---------- Records shown ----------

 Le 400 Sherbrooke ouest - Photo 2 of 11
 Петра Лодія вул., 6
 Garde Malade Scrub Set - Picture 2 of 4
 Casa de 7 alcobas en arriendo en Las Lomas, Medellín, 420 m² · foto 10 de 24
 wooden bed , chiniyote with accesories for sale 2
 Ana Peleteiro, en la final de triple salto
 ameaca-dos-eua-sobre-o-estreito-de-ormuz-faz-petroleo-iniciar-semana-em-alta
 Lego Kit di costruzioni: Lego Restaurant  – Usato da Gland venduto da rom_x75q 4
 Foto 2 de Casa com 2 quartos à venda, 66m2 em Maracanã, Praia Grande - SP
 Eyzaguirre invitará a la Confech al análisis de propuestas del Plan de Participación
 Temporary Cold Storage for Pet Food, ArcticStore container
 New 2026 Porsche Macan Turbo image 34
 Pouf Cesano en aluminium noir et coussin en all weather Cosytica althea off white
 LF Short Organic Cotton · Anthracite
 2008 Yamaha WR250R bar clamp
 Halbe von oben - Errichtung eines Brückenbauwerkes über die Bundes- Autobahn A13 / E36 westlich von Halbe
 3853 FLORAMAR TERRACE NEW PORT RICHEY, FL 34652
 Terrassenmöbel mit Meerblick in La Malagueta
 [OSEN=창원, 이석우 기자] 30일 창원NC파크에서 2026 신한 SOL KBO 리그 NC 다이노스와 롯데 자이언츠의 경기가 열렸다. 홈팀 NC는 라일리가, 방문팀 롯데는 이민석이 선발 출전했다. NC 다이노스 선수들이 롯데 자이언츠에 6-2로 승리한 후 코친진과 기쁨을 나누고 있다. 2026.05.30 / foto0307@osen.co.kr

----------

◆ What you should do ◆
Using the material above, gather every line that includes "Casa".

◆ Output of the task ◆
 Casa de 7 alcobas en arriendo en Las Lomas, Medellín, 420 m² · foto 10 de 24
 Foto 2 de Casa com 2 quartos à venda, 66m2 em Maracanã, Praia Grande - SP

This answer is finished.